Pour faciliter cette immersion, plusieurs dispositifs sont mis en place. Le récit est en général écrit comme déjà advenu. C’est un monde sans aucune échappatoire, et dont les amorces sont déjà existantes dans notre société actuelle. Un futur au passé, d’où l’appellation de « futur antérieur ». « Tout y est paradoxalement montré comme s’il était déjà trop tard, développe le chercheur. Et c’est à ce moment-là qu’une prise de conscience peut se produire et que des clés sont offertes pour s’en sortir. » Les rhétoriques de la menace et de l’alerte sont omniprésentes.

Tous ces récits travaillent également à leur propre obsolescence. Ils présentent un scénario d’avenir possible pour que celui-ci n’ait jamais lieu. Ils sont énoncés pour être entendus et détrompés. Ils offrent au destinataire une prise sur le monde, un élément de connaissance qui leur permet de l’observer sous un autre angle et d’agir. Maintenant, ces récits ne répondent pas tous aux codes canoniques du genre du roman d’anticipation. Certains s’habillent d’effets de réel qui peuvent mener jusqu’à la duperie, à l’aide de canaux de communication et d’information qui font d’habitude l’objet d’autorités et de légitimités. Un exemple connu de tous les Belges est celui de Bye Bye Belgium, le faux documentaire de la RTBF diffusé le 13 décembre 2006, et qui annonçait comme fraîchement votée la déclaration unilatérale d’indépendance de la Flandre.  
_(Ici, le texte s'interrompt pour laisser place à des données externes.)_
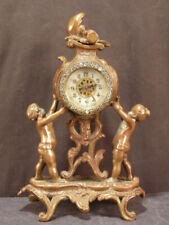 Antique Bronze Figural Cherub Angel Gilt Neoclassical Statue Shelf Mantle Clock~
« Bye Bye Belgium est un exemple paradigmatique de futur antérieur, s’émerveille le chercheur. Et d’un point de vue individuel, les citoyens belges ont tous fortement réagi à ce faux documentaire. Je ne pense pas qu’il aurait eu le même impact s’il n’y avait pas eu une simulation avec autant d’effets de réel. » Par ces effets de réel, les citoyens belges se sont très efficacement immergés dans l’histoire. L’efficacité de cette immersion est due à une duperie. En s’armant d’une réalité simulée, l’ironie passe par la duperie pour ensuite acquérir la connivence du destinataire. Il sait alors ce qu’il était attendu de lui.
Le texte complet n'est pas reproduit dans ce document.